Tuesday, October 11, 2011


I recently encountered a writer -- and I'm a little loathe to use that word, writer -- who said to me that he refused to do rewrites because he felt that a piece ought to be perfect the first time it's written. My first thought was, "Someone has been reading too many parables about Faulkner." My immediate second thought was, "I have no rebuttal." I am going out on a limb here to say that this person is not a writer.

Why? Because rewrites are almost mandatory in our line of work.

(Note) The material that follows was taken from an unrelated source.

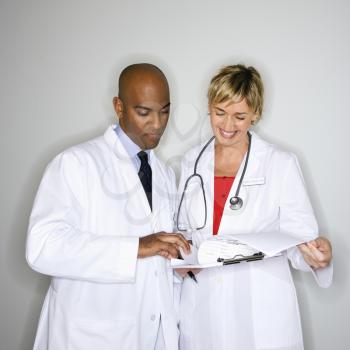 Male and female doctors reading paperwork.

I have never had a piece published that didn't require a rewrite. Even "In A Flash" -- a piece that is only 263 words -- got a rewrite to change a whopping six words from the original. If you're a writer who believes in self-improvement, rewrites are almost part of your fiber.

So here are some tips I give to folks at the Milwaukee Writers Workshop who might not be as well-versed in the art of rewriting.

1. Read your piece like a reader. It's a difficult trait to master, but it's essential. Be subjective about your own work in order to create the best possible piece.
2. Keep the goal in mind. Your story should have a resolution; every story needs one. Is your rewrite getting you to that resolution?
3. Don't over-correct: if you find yourself substituting words, put your pen down.
4. Allow yourself time. A lot of times you can spend too long on rewrite a piece. Sometimes put it down and work on another project (or better yet, submit it).

Just a few thoughts on revision and rewriting. What are your thoughts? What's your process?